多数決は絶対的か?イギリス国民投票から考える

先日、イギリスで、EUからの離脱か残留かを問う国民投票が行われた。結果はご存じのとおり、離脱派の勝利となった。ところがその後、イギリス通貨・ポンドは大幅下落し、世界経済は軒並み下落した。さらにイギリスの一部であるスコットランド、北アイルランドがイギリスから独立しようという機運が高まっているという。もしそうなれば、イギリスは解体し、イングランドへと縮小する道をたどることになる。

イギリスは言わずと知れた民主主義先進国である。民主主義の基本理念は単純に言うと多数決にある。今回の国民投票も多数決によって国家の行方を決めようというものであった。しかし今回の投票後の状況をみると、多数決社会の絶対性に疑問を抱かさざるを得ない。

もちろん、「民主主義」という言葉通り、民主主義国家では主権は国民にあり、国民が国の行方を決定する。この理念は素晴らしいものであり、絶対に継続しなければならないものだ。しかし全ての国民が正確で詳しい知識を持ち合わせているわけではない。全てを理解するには個人では限界がある。そこで投票によって議員を選出し、国民が間接的に政治に参加しようとするのが現代民主主義の理念だ。

選挙で選出された後、政治家、そしてそのトップである首相は強力な権力を駆使して重要事項を決定していく。そのために、国民は有能な政治家を見極めることが必要であり、国民レベルでは判断できないことを政治家は遂行していく。

しかし今回の国民投票では、政治家は直接的には介在せず、国民が直接決定するという形のものだ。そしてその結果が現在皆の知る通りだ。

果たして政治家が全てのことを国民投票として丸投げするのは正しいのだろうか?国家が間違った方向へ進みそうなときには、それを政治家が許される範囲内の権力をもって正すことも必要なのではないか。そのようなことをイギリスの国民投票からは考えさせられる。
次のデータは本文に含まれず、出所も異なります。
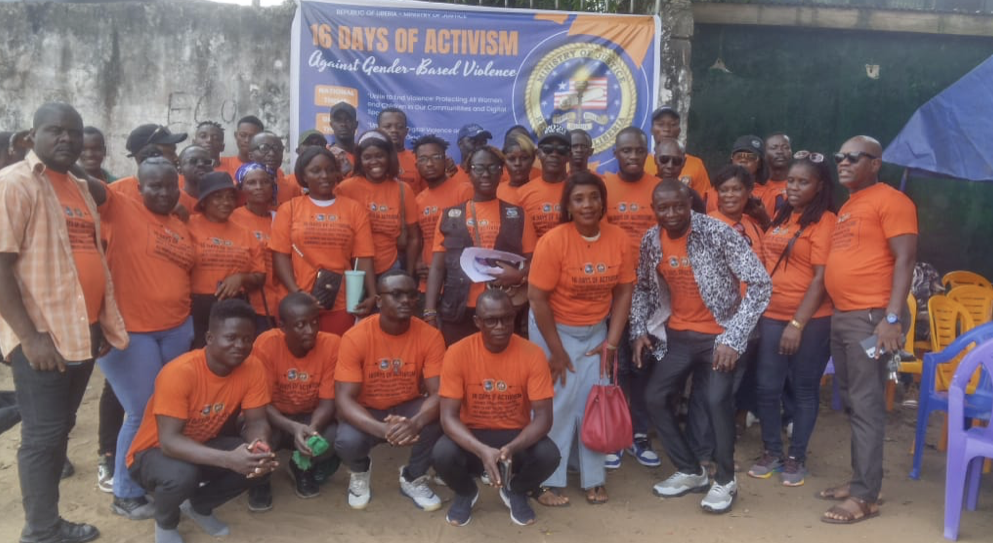 MOJ Reaffirms Commitment to Justice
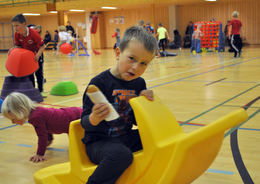 åpen hall1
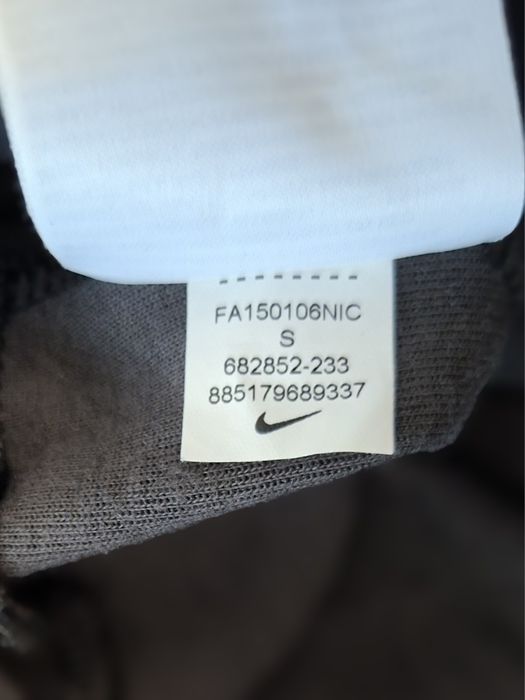 Nike Tech Camo-Ориг.долнище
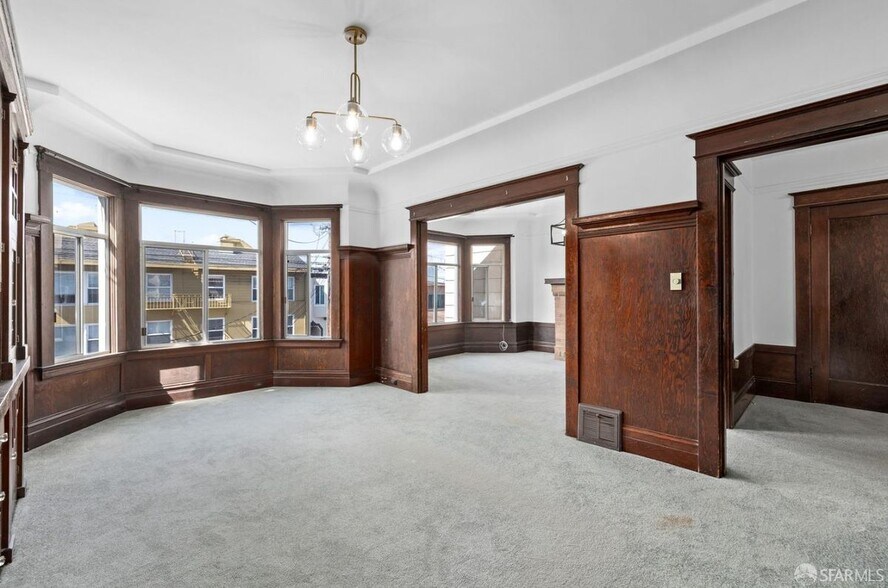 Building Photo - 1344 20th Ave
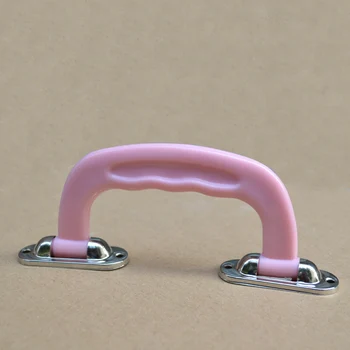free shipping door knob case handle bag luggage part suitcase handle plastic handle hardware picture pull photo tool box handmad
free shipping door knob case handle bag luggage part suitcase handle plastic handle hardware picture pull photo tool box handmad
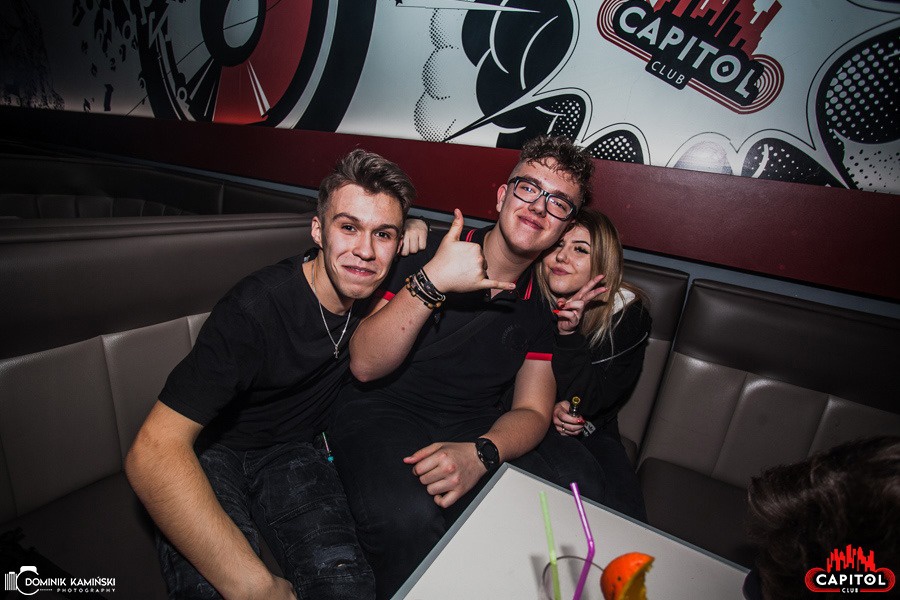 Capitalne Święta z gwiazdami [25-26.12.2019] - zdjęcie #163 - eOstroleka.pl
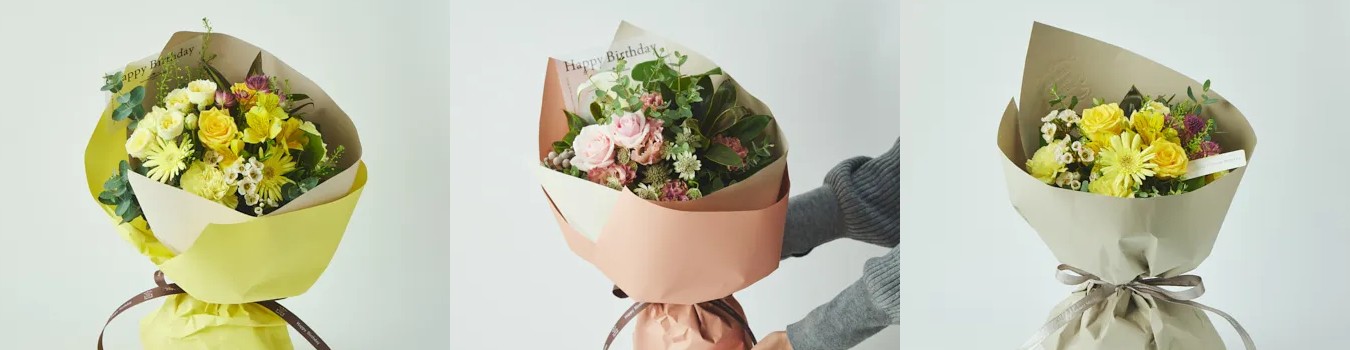 5,000円～9,999円の花束・フラワーギフト | 青山フラワーマーケット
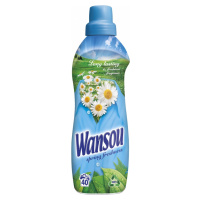 Wansou Spring Freshness aviváž koncentrát 1 l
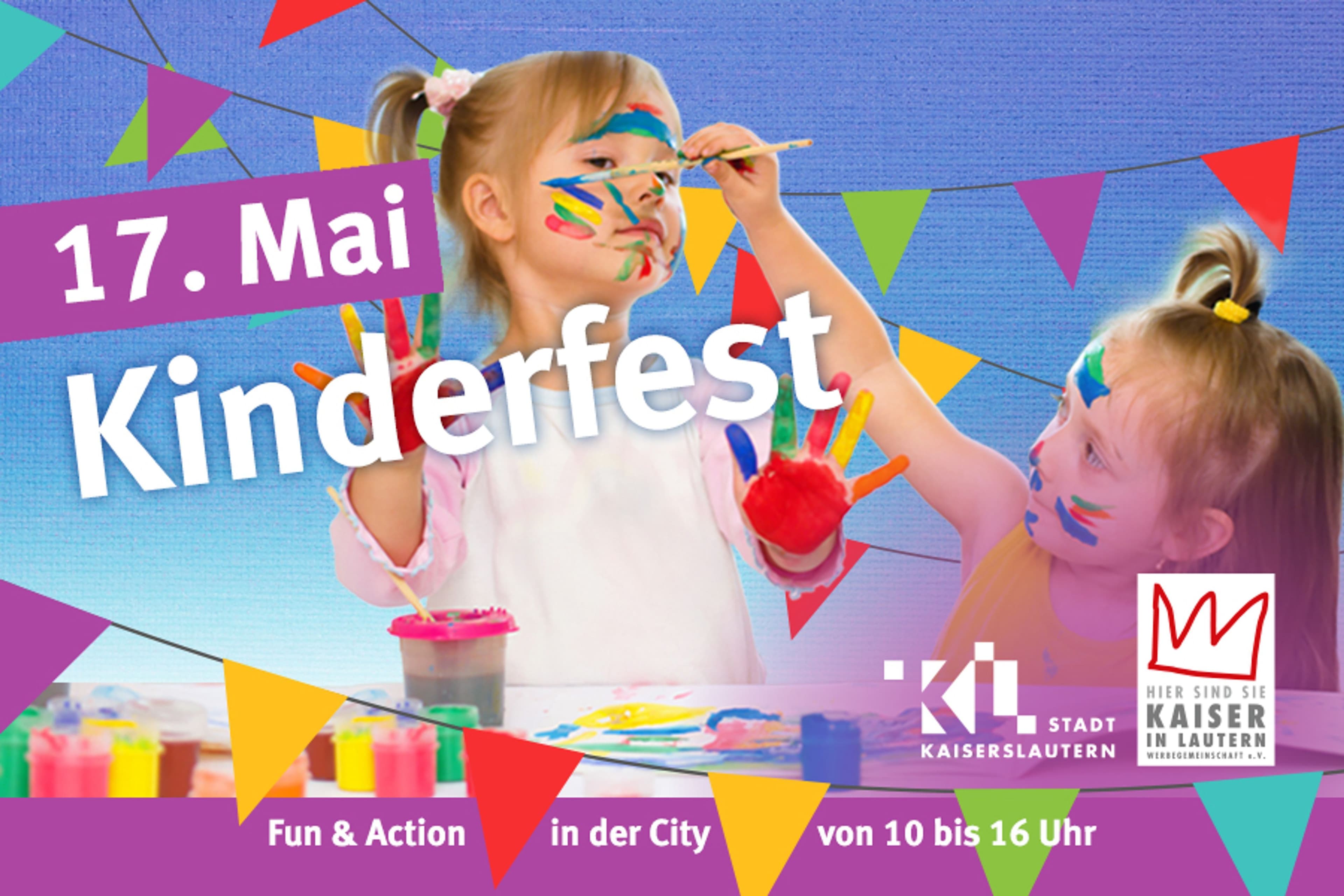 Familienspaß in Kaiserslautern | Symbolbild
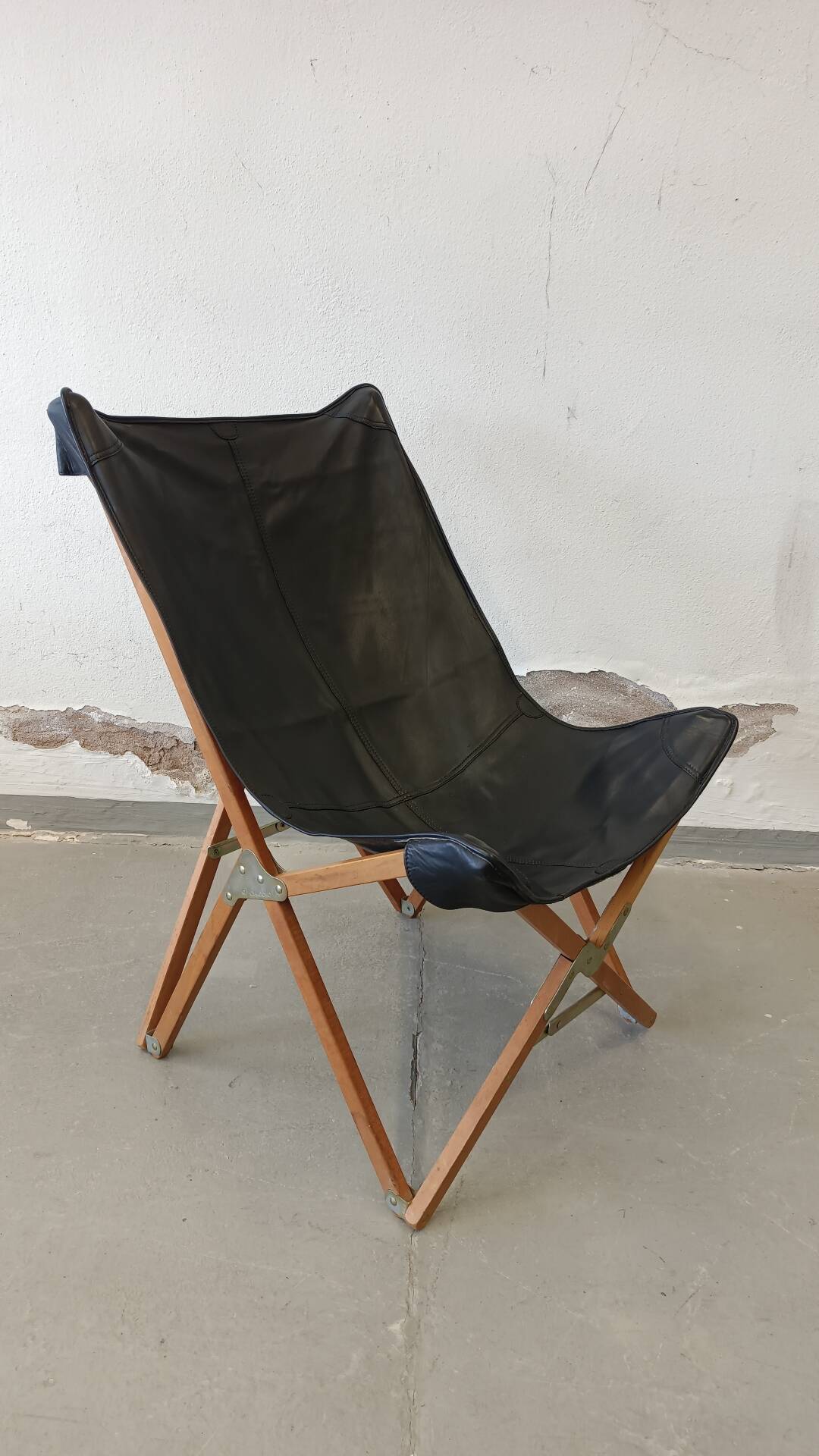 Fauteuil papillon El Circolo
多数決社会と政治家の権力行使のバランスを常に気にしなければならない。もちろん政治家が強権を持った極限が独裁であり、それが非常に危険であることは多くの人が認識している。しかし何かあるごとに全て国民投票に丸投げというのも、政治家の一部職務放棄とも考えられ、バランスを崩す原因にもなるのではないかと考える。